• [Crawled caption data]
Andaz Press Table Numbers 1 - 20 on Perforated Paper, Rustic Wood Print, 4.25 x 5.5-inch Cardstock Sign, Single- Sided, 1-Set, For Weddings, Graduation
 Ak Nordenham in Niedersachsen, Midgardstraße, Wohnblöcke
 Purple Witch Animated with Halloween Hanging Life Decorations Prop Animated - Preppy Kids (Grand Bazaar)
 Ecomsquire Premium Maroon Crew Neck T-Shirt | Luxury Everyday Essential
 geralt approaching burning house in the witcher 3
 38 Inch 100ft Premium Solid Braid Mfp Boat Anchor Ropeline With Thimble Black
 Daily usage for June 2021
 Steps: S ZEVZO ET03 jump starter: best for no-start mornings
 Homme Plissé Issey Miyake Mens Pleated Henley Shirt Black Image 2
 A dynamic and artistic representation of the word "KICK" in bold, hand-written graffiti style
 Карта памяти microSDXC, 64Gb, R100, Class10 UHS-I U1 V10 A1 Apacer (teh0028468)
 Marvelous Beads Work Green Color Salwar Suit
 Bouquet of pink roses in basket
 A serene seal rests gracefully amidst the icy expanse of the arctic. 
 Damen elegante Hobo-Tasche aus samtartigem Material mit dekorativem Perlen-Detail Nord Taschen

• [Requirement] Reproduce each line of the entries in which the word "Premium" is found.

• [Written solution]
 Ecomsquire Premium Maroon Crew Neck T-Shirt | Luxury Everyday Essential
 38 Inch 100ft Premium Solid Braid Mfp Boat Anchor Ropeline With Thimble Black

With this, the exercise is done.